If you encounter display problem with Unicode characters where a single Unicode character appears as two empty square boxes, you should read this article to find out how to fix it. Specifically, this problem occurs when your Unicode character is greater than U+FFFF (65635 decimal) and your Unicode font can handle only characters that are 64K in value or less.
Unicode characters can range in scalar values from 0 to over a million. Characters above 64K (greater than U+FFFF or 65635) are called supplementary Unicode characters. The entire range of Unicode characters is divided into 17 blocks of 64K values each.

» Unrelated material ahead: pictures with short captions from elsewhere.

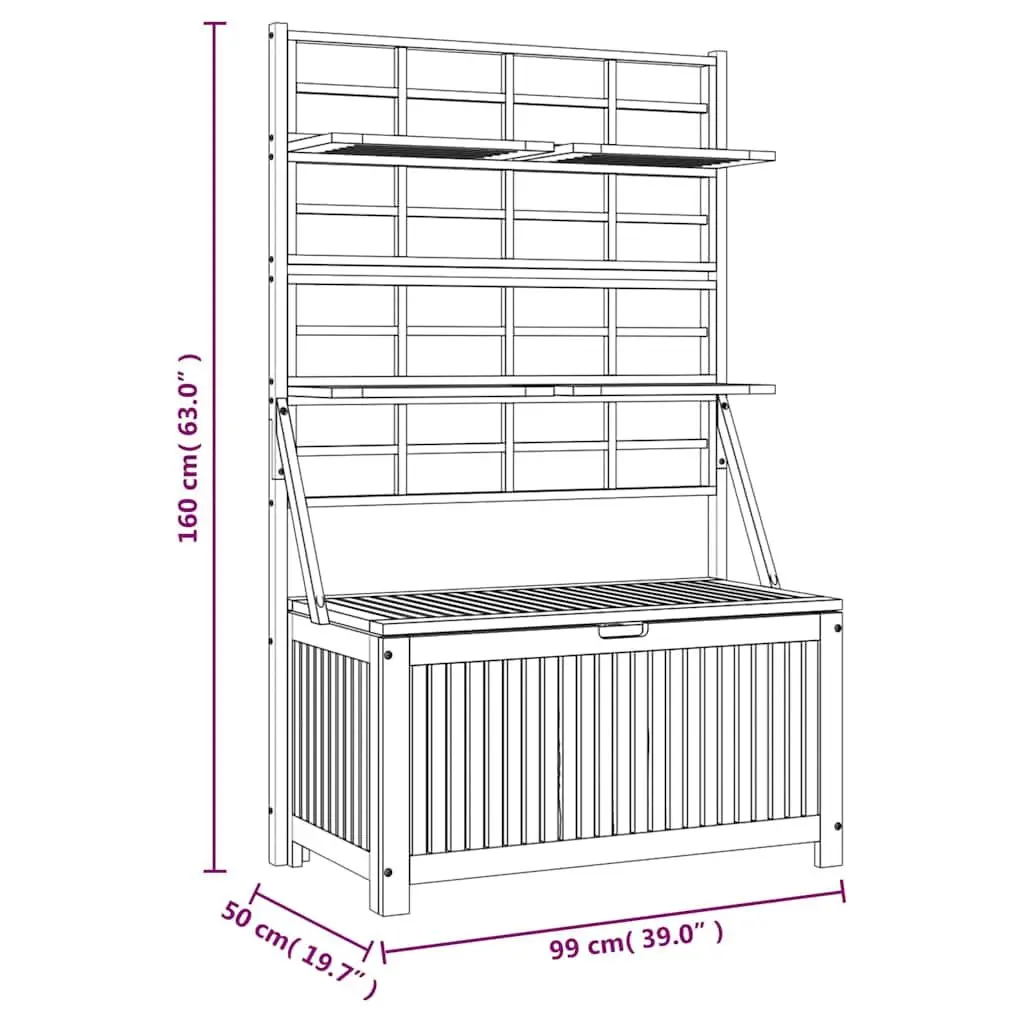 Outdoor Storage Box with Trellis Brown Solid Wood Garden Tool Chest Planter Box
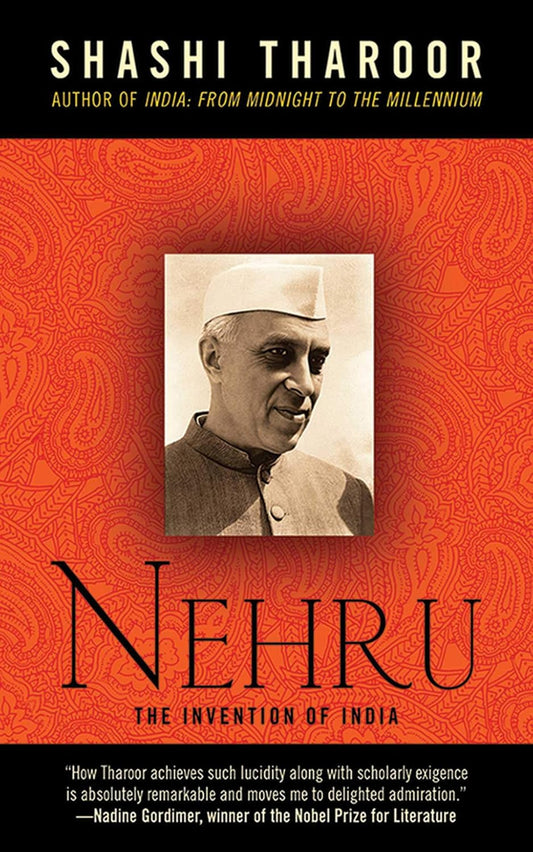 Book cover of 'Nehru: The Invention of India' by Shashi Tharoor with a portrait of Nehru on an orange background.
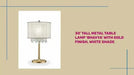 30' Tall Metal Table Lamp 'Bhavya' with Gold finish, White Shade -DTYStore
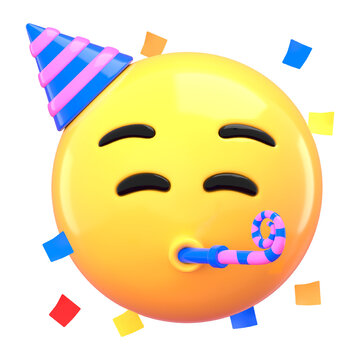 Naklejki PNG 3D party emoticon sticker, transparent background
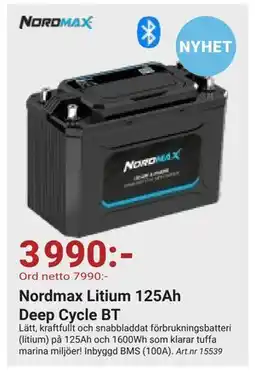 Erlandsons Brygga Nordmax Litium 125Ah Deep Cycle BT, SEK 3990 erbjuda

Each block is referred to as a plane and is numbered starting from 0 as follows:
Plane 0: contains U+0000 thru U+FFFF. This is commonly known as the Basic Multilingual Plane (BMP).
Plane 1: contains U+10000 thru U+1FFFF.
Plane 2: contains U+20000 thru U+2FFFF. The majority of characters in this plane are Unicode Extension B (Hán/Korean/Japanese/Nôm).
Plane 3: contains U+30000 thru U+3FFFF.
...............
Plane 16: contains U+100000 thru U+10FFFF.
Note that all characters in Plane 0 can be represented as a single 16-bit value. Characters in other planes are greater than 64K and can be represented as a single 32-bit value (UCS-4) or a pair of two 16-bit values (UTF-16). In the latter representation the pair is commonly called surrogate pair, which consists of a high-order 16-bit surrogate and a low-order 16-bit surrogate.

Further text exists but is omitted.